FIGURE 1. Overview of the integrated data sources. The copyright of the logos belong to the corresponding companies.
The performance of the application obviously depends on the complexity of the scene (i.e. the size and quality of rendered objects) as well as the screen resolution of the output device. For the prototype a notebook with a dedicated graphics card10 is sufficient to render the visualisations and animations.
For the usage on HMDs like the Oculus Quest 2 or the HTC Vive Pro, a notebook or PC with a sufficient graphics card and the device specific connectors (i.e., DisplayPort for the Oculus Quest 2) can be used to outsource the time-consuming calculation of separate images for the left and right eye. To use the application in CAVE-like settings plug-in type software modules like MiddleVR11 or UniCAVE12 are required.
2.2 Integration of Static Data
A collection of heterogeneous data sets, originally available in a wide range of data formats, has been included in the prototype and a number of spatial data sets are a fixed part of the application. This is what we call static application data. Although static data might be time-dependent (e.g. results of numerical simulations) and thereby might be displayed in different states, the data sets themselves will not change unless they are explicitly updated by the developer of the application. The following section will explain the integration of the tunnel system, simulation results and the geological context in detail.

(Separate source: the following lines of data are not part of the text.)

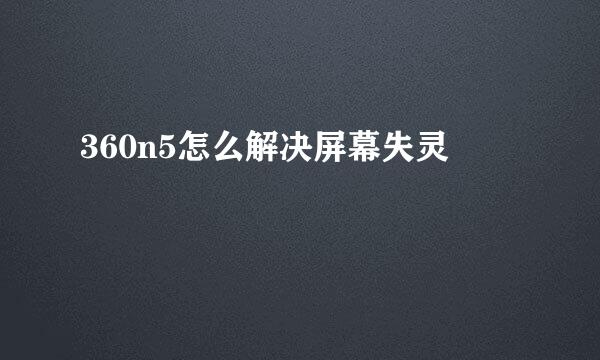 360n5怎么解决屏幕失灵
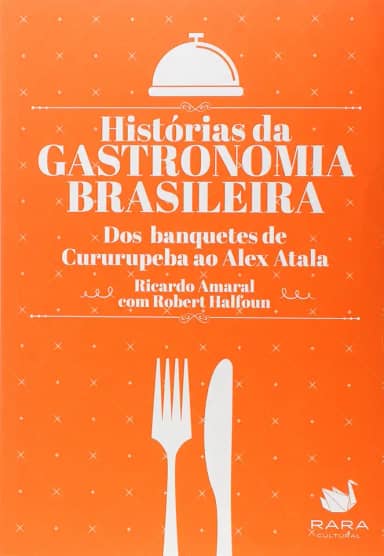 Histórias da Gastronomia Brasileira. Dos Banquetes de Cururupeba ao Alex Atala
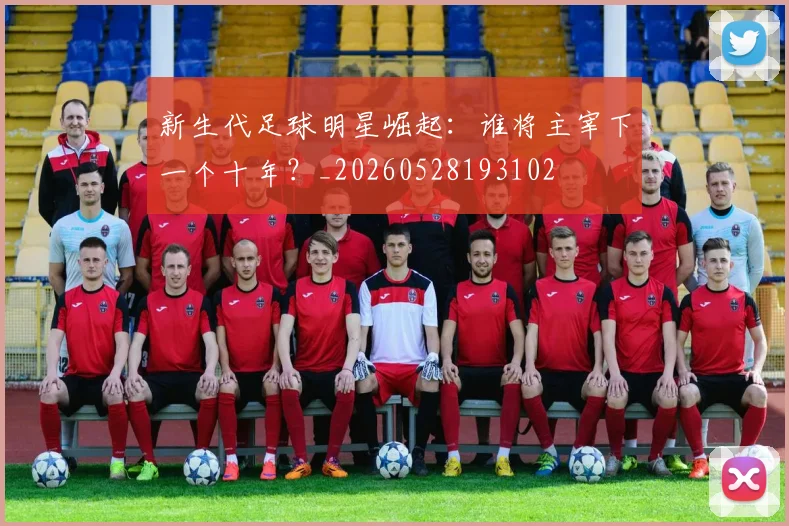 新生代足球明星崛起:谁将主宰下一个十年?_20260528193102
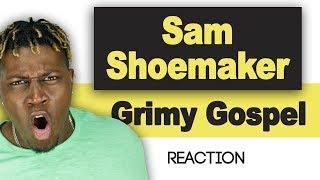 Sam Shoemaker - Grimy Gospel - TM Reacts 2LM Reaction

The model of the Mont Terri URL’s tunnel system (see Figure 2B) serves as a frame of reference for almost all other data sets. It has been originally created via laser scan. This technique measures the time it takes for a beam of light to travel from the laser scanner to the tunnel walls and back and in this way creates a 3D model (geometry) based on the determined distances.
FIGURE 2. Two consecutive viewpoints with different scale: (A) a representation of the stratigraphic layers with additional textured surface data of the surrounding terrain from Google (2021) and (B) laser scan data of the tunnel system.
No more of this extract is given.